Some of the dudes still playing reunited with Ross on Tuesday night before he visited the clubhouse before Wednesday’s game. But work came before play: Ross spent six hours rehearsing his dance moves before hurrying over to Wrigley to join his buddies.
"I was like 12 years old driving to the park today,” Ross said. "I felt like I sprinted down the stairs to get to the locker room. … I miss the guys a ton. When you’re in that environment with those guys, and everybody’s on the same page grinding, that’s a special thing I’ll never get back.”
Photos from the game and World Series ring ceremony on April 12, 2017, at Wrigley Field.
Looking fit and thinner than he was in his final season, Ross reflected with amazement at this unlikely rise not even he can believe.
"I’m enjoying the heck out of it,” Ross said. "You think good things happen to good people and you try to do good things and hope it pays out.
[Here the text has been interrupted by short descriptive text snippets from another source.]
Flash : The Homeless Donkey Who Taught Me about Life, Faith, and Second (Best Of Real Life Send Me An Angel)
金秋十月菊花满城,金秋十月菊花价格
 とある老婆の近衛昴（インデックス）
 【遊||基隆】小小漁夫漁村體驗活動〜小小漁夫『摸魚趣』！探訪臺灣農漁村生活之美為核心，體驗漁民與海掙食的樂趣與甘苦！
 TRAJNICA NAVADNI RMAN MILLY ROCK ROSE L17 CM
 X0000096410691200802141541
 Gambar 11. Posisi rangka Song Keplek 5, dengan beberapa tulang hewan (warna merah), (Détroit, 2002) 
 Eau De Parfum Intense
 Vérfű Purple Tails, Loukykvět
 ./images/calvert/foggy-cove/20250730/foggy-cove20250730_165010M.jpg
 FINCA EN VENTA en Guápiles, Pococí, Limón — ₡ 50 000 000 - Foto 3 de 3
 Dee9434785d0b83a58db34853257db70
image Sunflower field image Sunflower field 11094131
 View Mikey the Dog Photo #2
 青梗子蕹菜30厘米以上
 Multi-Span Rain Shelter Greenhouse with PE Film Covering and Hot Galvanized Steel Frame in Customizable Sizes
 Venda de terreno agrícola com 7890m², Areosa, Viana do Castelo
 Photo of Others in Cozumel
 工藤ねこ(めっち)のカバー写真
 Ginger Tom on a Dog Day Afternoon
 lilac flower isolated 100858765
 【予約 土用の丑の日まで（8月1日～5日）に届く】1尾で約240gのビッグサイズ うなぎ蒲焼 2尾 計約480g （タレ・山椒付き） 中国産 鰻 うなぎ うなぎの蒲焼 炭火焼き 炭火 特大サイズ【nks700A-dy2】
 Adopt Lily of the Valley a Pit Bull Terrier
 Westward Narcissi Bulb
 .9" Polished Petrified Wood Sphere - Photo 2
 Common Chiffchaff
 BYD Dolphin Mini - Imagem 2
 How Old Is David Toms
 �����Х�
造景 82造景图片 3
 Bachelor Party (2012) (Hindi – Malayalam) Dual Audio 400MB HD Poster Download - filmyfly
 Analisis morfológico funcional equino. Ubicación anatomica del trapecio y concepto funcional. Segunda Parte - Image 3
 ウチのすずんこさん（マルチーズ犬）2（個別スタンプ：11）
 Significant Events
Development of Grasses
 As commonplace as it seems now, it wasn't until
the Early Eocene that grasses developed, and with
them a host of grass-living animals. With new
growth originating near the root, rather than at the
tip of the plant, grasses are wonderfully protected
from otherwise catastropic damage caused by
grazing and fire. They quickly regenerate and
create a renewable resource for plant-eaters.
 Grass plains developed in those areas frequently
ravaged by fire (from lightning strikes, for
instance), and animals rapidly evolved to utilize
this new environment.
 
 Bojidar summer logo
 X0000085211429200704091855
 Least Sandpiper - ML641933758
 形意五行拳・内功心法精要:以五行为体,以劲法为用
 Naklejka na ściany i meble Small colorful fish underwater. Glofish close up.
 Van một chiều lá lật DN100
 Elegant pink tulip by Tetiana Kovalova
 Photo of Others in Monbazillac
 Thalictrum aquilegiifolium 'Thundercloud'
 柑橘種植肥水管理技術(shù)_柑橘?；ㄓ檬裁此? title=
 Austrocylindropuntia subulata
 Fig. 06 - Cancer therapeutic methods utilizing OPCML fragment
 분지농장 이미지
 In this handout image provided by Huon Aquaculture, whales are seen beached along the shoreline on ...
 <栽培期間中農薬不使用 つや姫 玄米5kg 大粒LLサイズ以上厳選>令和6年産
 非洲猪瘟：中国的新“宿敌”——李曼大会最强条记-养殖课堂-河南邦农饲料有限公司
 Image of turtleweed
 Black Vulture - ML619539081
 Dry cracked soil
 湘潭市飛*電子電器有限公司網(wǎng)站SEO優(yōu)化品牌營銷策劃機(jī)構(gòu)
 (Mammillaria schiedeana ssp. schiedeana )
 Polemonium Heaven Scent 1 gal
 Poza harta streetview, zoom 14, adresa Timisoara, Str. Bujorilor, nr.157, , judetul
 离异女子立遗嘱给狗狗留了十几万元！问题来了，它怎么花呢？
I wasn’t trying for any of this. I was just trying to be myself. I just try to spread the love and be positive.”
The only negative Ross referenced was the embarrassment he felt one day dropping his young kids at school in Georgia and their fellow classmates complimented his dancing the night before — when he performed a "Magic Mike" routine. Other than that, it would be harder to find a happier retiree around baseball.
"I’m a .220 backup catcher — what am I doing on the show (DWTS)?” Ross asked. "Mr. T is on there. How cool is that? He’s a Chicago guy. He actually has said he’s my teammate now because we’re representing Chicago. I feel really, really blessed.”
Before leaving, Ross asked one request of every reporter whose hand he just shook.
"Put my number at the end of your stories so people vote for me next week,” Ross said. "I need the help.”
Not by the sounds of the home crowd.